Results 1 to 14 of 14
  1. #1
    Join Date
    Nov 2010
    Posts
    25

    Unanswered: IN clause and subqueries

    Hello!

    Faced with the following issue.
    Let's say we got a query:
    Code:
    SELECT * FROM main_table WHERE string_column IN ('a','b','c');
    It works instantaneous.

    Let's say we got a table sub_table with a string row containing the same 'a','b','c' values.
    The following query takes forever to finish:
    Code:
    SELECT * FROM main_table WHERE string_column IN (SELECT string_column FROM sub_table)
    Table main_table contains about 3m rows.

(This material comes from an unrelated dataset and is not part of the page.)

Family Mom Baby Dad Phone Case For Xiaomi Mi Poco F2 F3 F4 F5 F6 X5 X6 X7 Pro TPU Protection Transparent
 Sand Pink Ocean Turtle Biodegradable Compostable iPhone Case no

    Any suggestions why the latter is so slow?

  2. #2
    Join Date
    Apr 2002
    Location
    Toronto, Canada
    Posts
    20,002
    Quote Originally Posted by tedd View Post
    Any suggestions why the latter is so slow?
    because it uses a subquery and not a join
    Code:
    SELECT something
         , anything
         , just_not_the_dreaded_evil_select_star 
      FROM main_table 
    INNER
      JOIN sub_table
        ON subtable.string_column = main_table.string_column
    you'd better have an index on both string_columns

    rudy.ca | @rudydotca
    Buy my SitePoint book: Simply SQL

  3. #3
    Join Date
    Nov 2010
    Posts
    25
    I thought that the latter query should work like that:
    1. Execute the subquery, get all values from the sub_table and feed them to the main query
    2. After p1, the query would be effectively like the first query with plain IN.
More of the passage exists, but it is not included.